I wanted to make my own supports just under the pyramid, not completely inside the cylinder, so I edited the supports in the Support edit viewer (the second icon in the top right corner of the 3DWOX slicer). First I right-clicked to delete all supports and then I used the slider at the bottom right to move the level to the right under the pyramid, hitting the inner bottom of the cylinder. Then by left clicking I was able to build a new support. The support could also be deleted by pressing CTRL on the bottom and left-clicking. Picture below left. If I had kept the automatic support on, the cylinder would of course have been fully supported. However, it would be quite a job to get all the support out through the triangular shaped holes, so this is a test to see how the model works without support.
When I was finished with the support, I generated the G-code by pressing the third top icon in the top right corner (Layer Viewer). Our Sindoh 3D printers are connected to computers via wifi. So next I just selected My Printers from the Printer menu and selected the printer I wanted to use. Finally I pressed the Print icon on the toolbar on the right and I was able to send the file to a 3D printer.
Once the file is sent to the 3D printer, the printer starts to heat up the bed and nozzle. It usually takes a few minutes to adjust the temperature. The estimated time for printing was about 2 hours.
I checked the print from time to time, and it looked pretty good. In the picture below left can be seen a little bit of the infill building up inside. When the print was ready, the bed settled down and cooled down. Picture below right. The print could be easily removed by hand. It took about 2 hours to print, which was the estimate.

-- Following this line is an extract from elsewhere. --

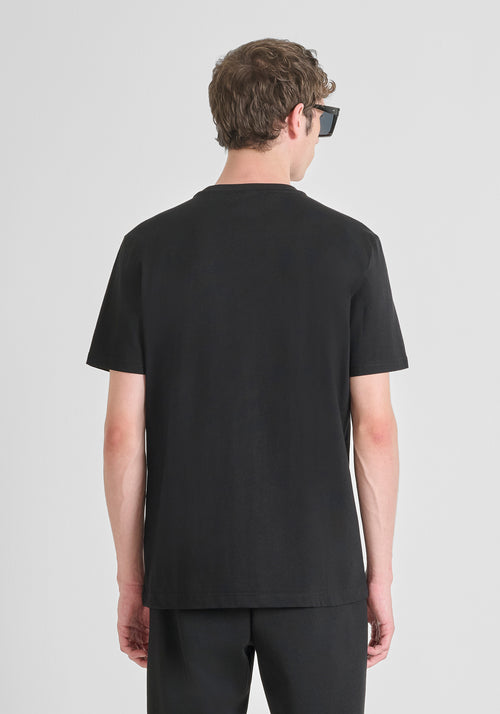 antony morato camiseta de manga corta hombre negro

Now I could see what had really happened. What excited me the most was how the inner roof of the cylinder would work, whether the bridge would be too long to succeed. It was difficult to get a picture of the inner roof, but it was successful, a little sagging can be seen, but it seems to be very durable. The inner roof was a diameter of 30 mm and in our group work the longest bridge we tested was 25 mm. On a printer of the same type, the bridging had worked well, so I took a risk by printing with 30 mm bridging. For future testing, here is an example of a template for testing longer bridging.
The vertically oriented sides of the triangles were also slightly sagging, although they are quite short in length, about a centimetre. But I don't think it looks too bad. In the picture below left, you can see a bit of stringing on the top of the pyramid, but that didn't matter in this printing either.
So printing without the support material filling the whole cylinder worked just fine! There would have also been a 3D printer at the Fab Lab Oulu that could use HIPS support material, which can be dissolved with Limonene, so a cylinder full of support would also be easier to make. I was able to remove the support under the pyramid surprisingly easily using pliers and tweezers, although the small triangular shaped holes created their own challenge. Picture below right.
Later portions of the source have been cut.